The deputies, who wanted harsher penalties for those who damage the environment, emphasised the pollution caused by industrial and agricultural production including villages following traditional occupations.
They said that Vietnam produced more than 15mil tonnes of solid waste, including hazardous industrial waste, each year.
More than 80 of the total waste, about 12.8mil tonnes, came from municipal sources, including households, restaurants, markets and businesses.
The latest Agriculture and Rural Development Ministry figures showed that Vietnam had about 1,450 traditional occupational villages, including 800 in the Cuu Long (Mekong) Delta.
Waste from these, together with the waste generated by a livestock herd of 36mil and 200mil fowls, had severely polluted both the air and the water.
The overuse of chemical fertiliser in agriculture both lowered the quality of agricultural produce and harmed human health.
The deputies also assessed the ministry’s 2006-2010 action plan to protect the environment and ensure the sustainable and effective use of such natural resources as land, water and forests.
They agreed that plans to deal with natural disasters such as flash floods, landslides, sea encroachment and drought were needed.

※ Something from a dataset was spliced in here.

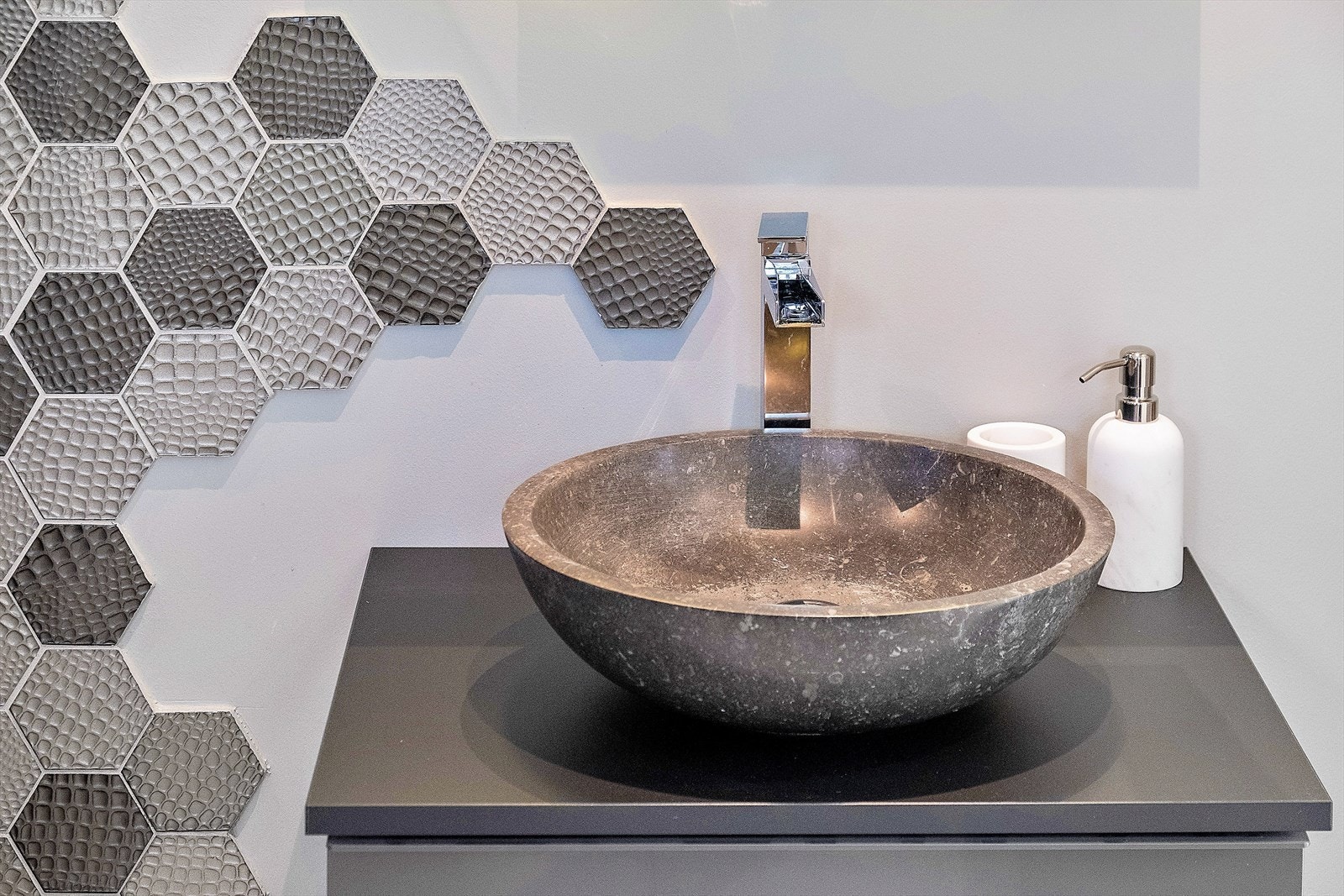 Som en bølge i glass fra dusj til servant Galleribilde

They also wanted national strategies for environmental protection effectively implemented so as to reduce losses to the environment caused by inappropriate agricultural production.

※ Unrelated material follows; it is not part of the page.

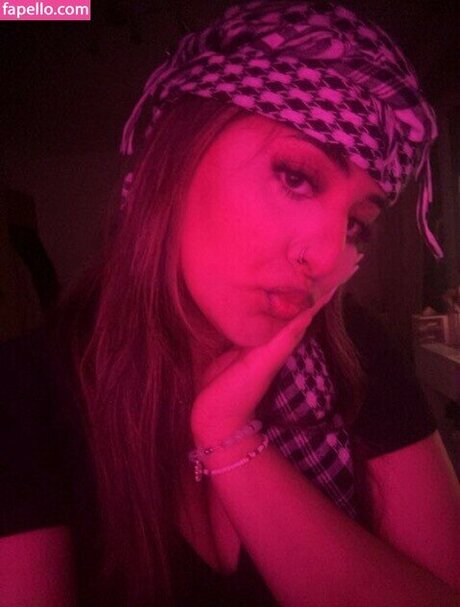 Pinkhealz Xyshams model pornographic image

Deputy Dang Ngoc Tung, HCM City, proposed that the committee writing the draft law add provisions to deal with transport carrying goods and waste that caused pollution.
Deputy Nguyen Van Phan, northern Ninh Binh Province, proposed that the new law include the protection of the sea through regulations for the collection and treating of the waste from aqua-produce.

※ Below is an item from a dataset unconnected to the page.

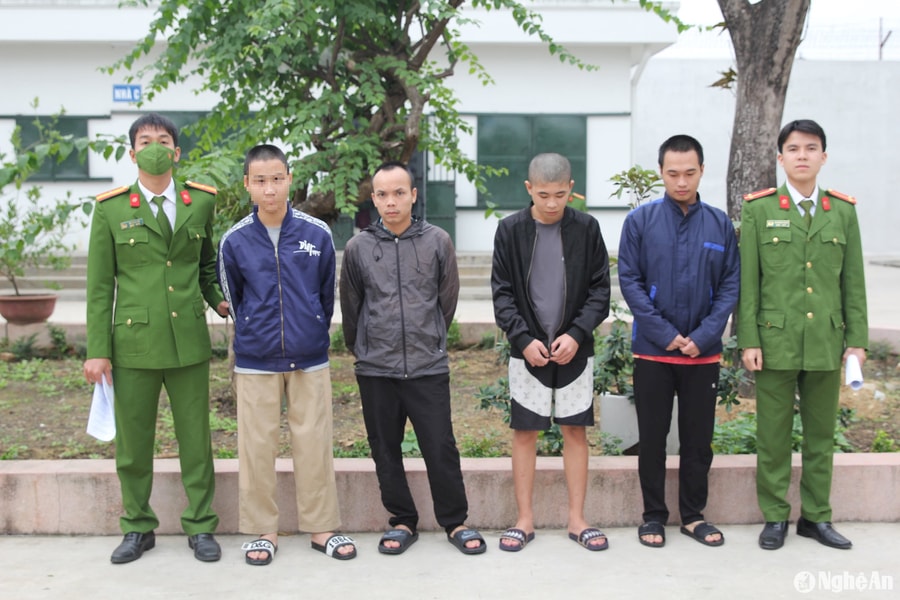 Khởi tố 3 đối tượng nghiện game, rủ nhau cướp giật tài sản ở thành phố Vinh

Outside the assembly, vote Dam Xuan Luy said the draft committee should emphasise socialising environmental protection.
Environmental protection required co-ordination between administrators, industries and municipalities, he said.
In addition, people, communities, offices, enterprises and companies had to be made aware of environmental protection.
Bui Tam Trung of the Hanoi Association for Natural and Environmental Protection said the draft law should embody campaigns to make people more aware of the need to protect and respect the environment in thought and action.
The assembly is expected to pass the Environmental Protection Law of 15 chapters and 136 articles late next month.
Plant patents mulled
Debate at yesterday’s session of the National Assembly focused on amendments to the draft Law on Intellectual Property, and particularly on how it pertained to Patents on Agricultural products.
Delegates at the committee also reached a consensus on the need to distinguish between the region of origin of particular strains of agricultural products, and geographical indications. They agreed this differentiation needed to be clarified on packaging.
An Giang Province representative Nguyen Ngoc Tran suggested that proposed amendments in the draft law might not be enough to clarify such confusion.
Tran said enforcement of patent protection for seed varieties would severely restrict farmers wanting to grow different varieties of crops. He cited Mexico as an example of how big companies can gain a stranglehold on agricultural production as a result of holding and enforcing bio-patents.
Quang Nam Province delegate Tuyen Hoang said existing regulations on agricultural patents were difficult to understand, and amendments were needed to clarify the situation.
He said research institutes in foreign countries often develop new varieties of crops which are then patented by companies claiming ownership of the organism. These companies in turn benefit from licensing the product.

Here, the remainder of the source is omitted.